[Exercise aim] Leave out the pictures and transcribe every entry below exactly.

(Web page caption snippets)
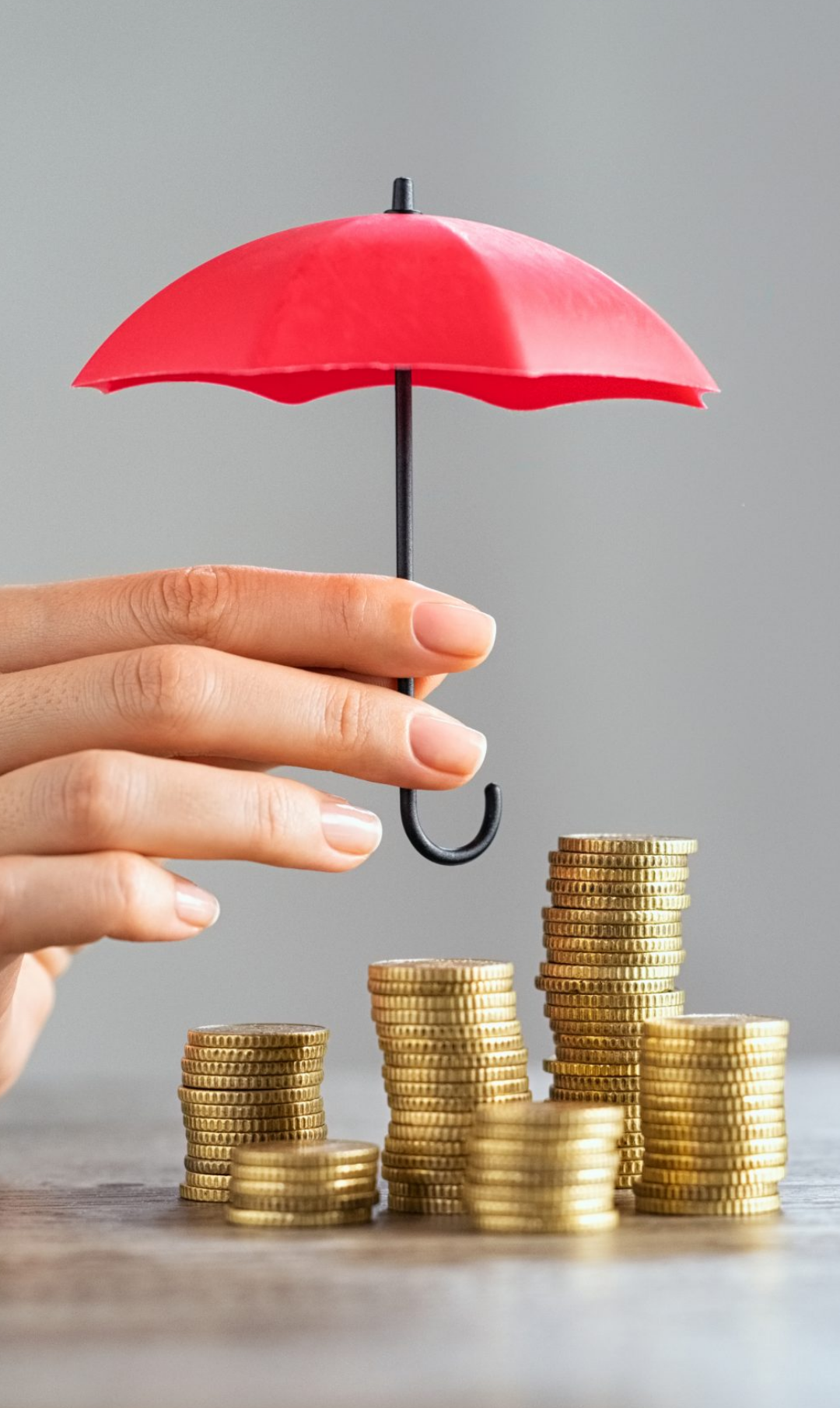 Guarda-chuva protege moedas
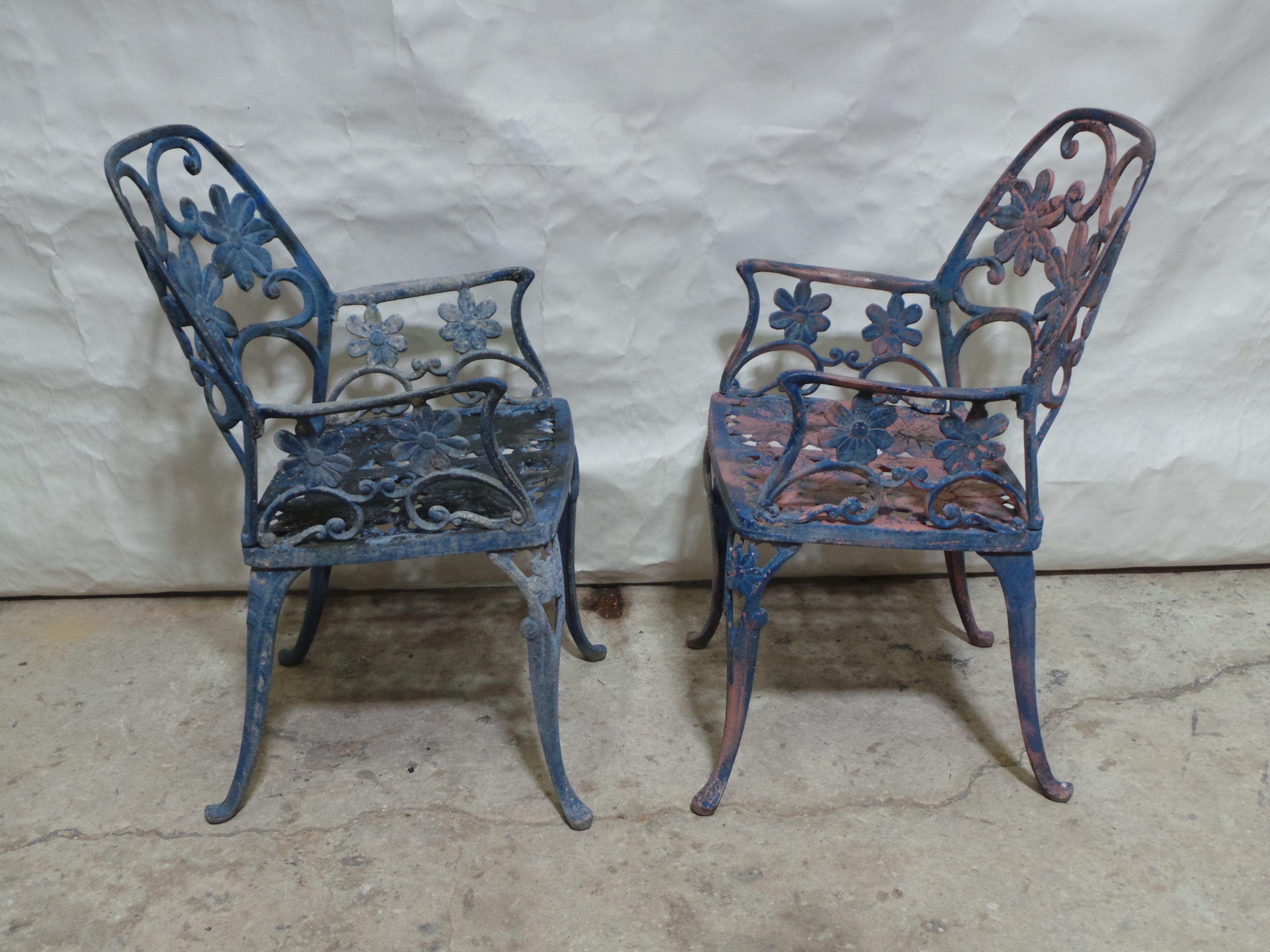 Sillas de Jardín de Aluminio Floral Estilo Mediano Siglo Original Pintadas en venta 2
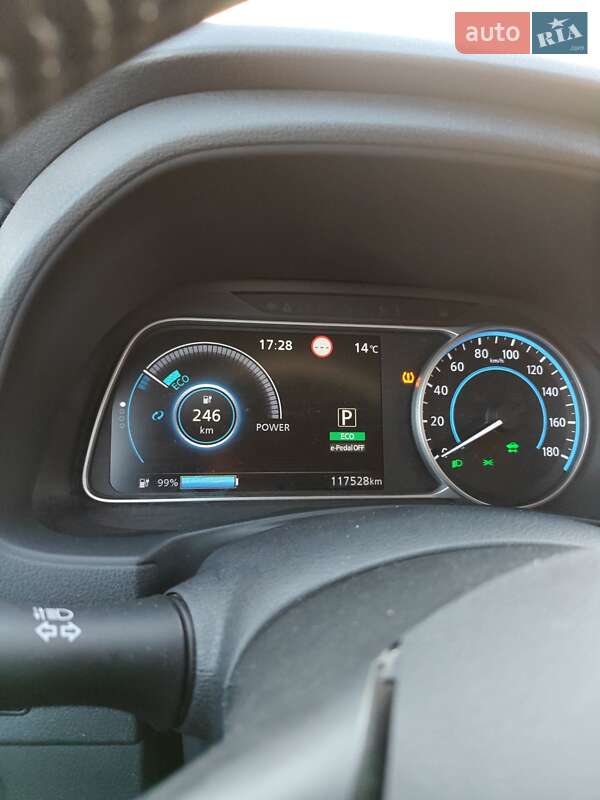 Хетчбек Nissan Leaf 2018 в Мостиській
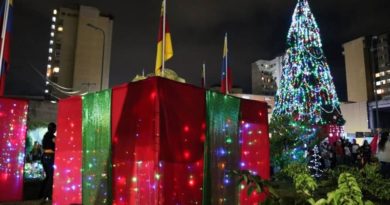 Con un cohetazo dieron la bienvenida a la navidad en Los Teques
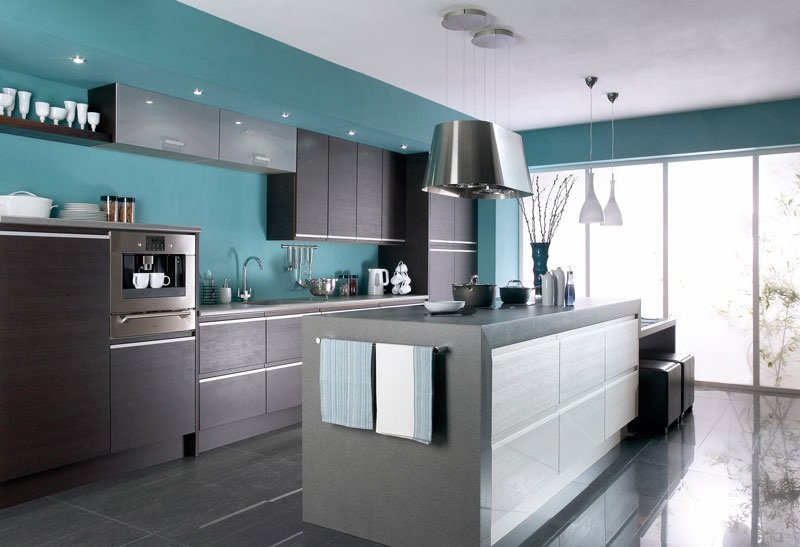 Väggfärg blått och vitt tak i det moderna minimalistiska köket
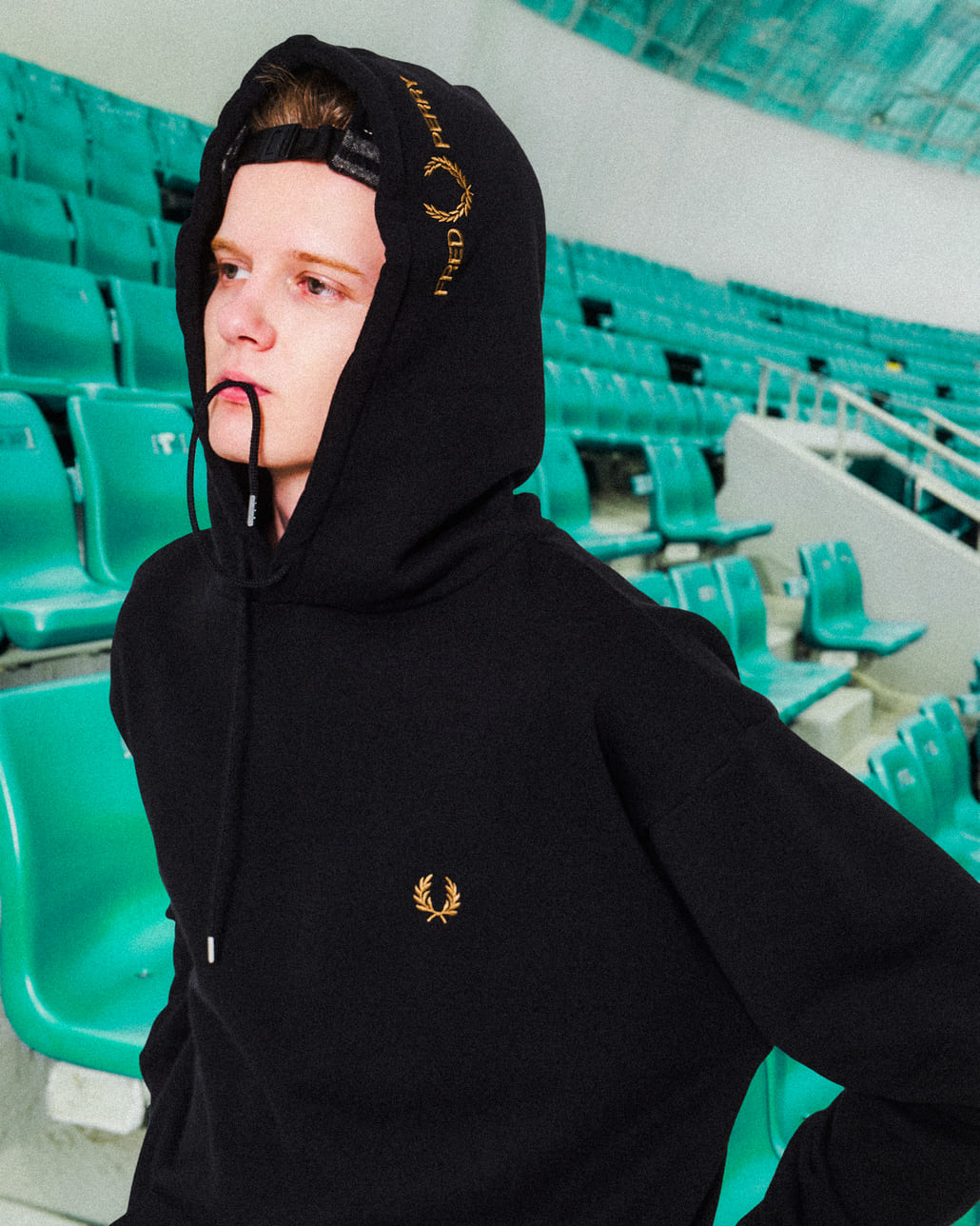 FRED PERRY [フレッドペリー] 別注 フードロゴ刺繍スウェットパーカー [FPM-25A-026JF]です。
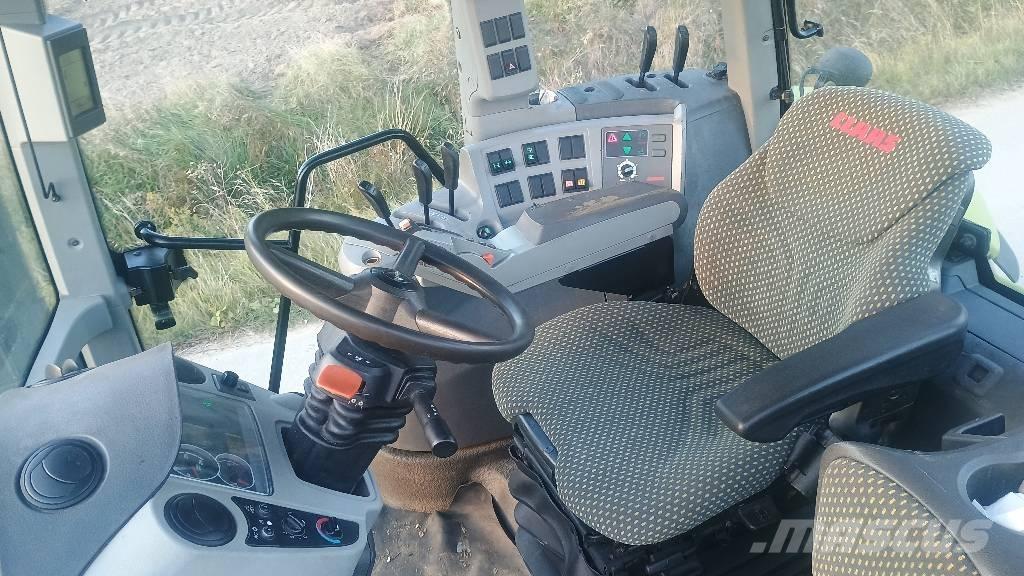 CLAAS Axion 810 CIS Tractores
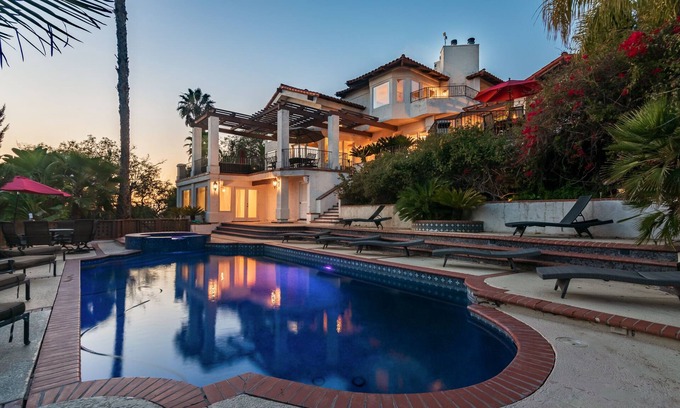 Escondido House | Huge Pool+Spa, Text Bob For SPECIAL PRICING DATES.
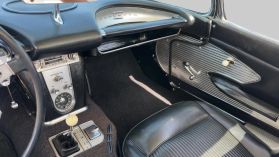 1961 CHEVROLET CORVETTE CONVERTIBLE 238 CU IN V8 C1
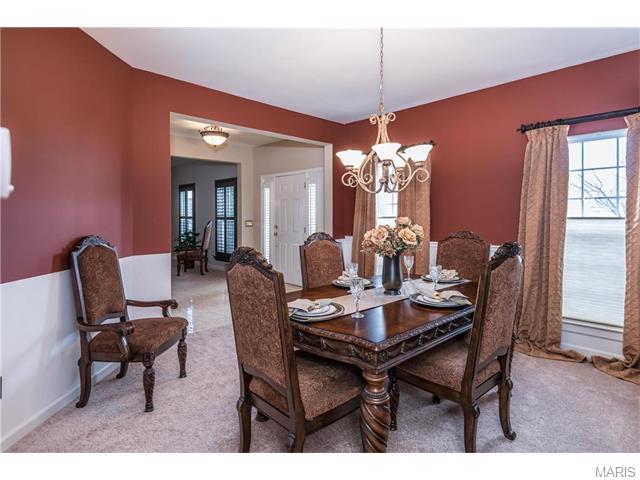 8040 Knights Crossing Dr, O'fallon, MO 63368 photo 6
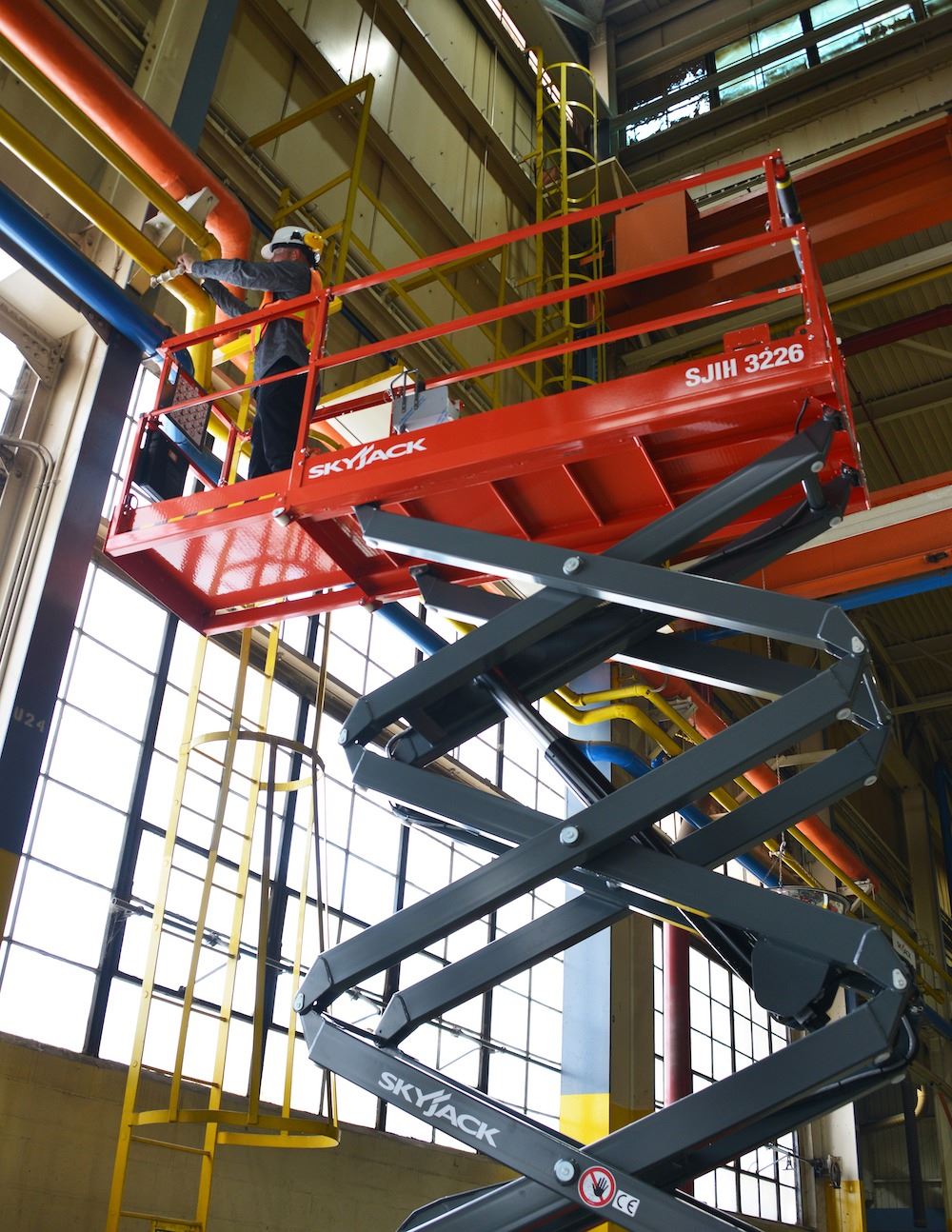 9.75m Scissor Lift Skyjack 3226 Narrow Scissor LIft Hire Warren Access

[Written response]
 Guarda-chuva protege moedas
 Sillas de Jardín de Aluminio Floral Estilo Mediano Siglo Original Pintadas en venta 2
 Хетчбек Nissan Leaf 2018 в Мостиській
 Con un cohetazo dieron la bienvenida a la navidad en Los Teques
 Väggfärg blått och vitt tak i det moderna minimalistiska köket
 FRED PERRY [フレッドペリー] 別注 フードロゴ刺繍スウェットパーカー [FPM-25A-026JF]です。
 CLAAS Axion 810 CIS Tractores
 Escondido House | Huge Pool+Spa, Text Bob For SPECIAL PRICING DATES.
 1961 CHEVROLET CORVETTE CONVERTIBLE 238 CU IN V8 C1
 8040 Knights Crossing Dr, O'fallon, MO 63368 photo 6
 9.75m Scissor Lift Skyjack 3226 Narrow Scissor LIft Hire Warren Access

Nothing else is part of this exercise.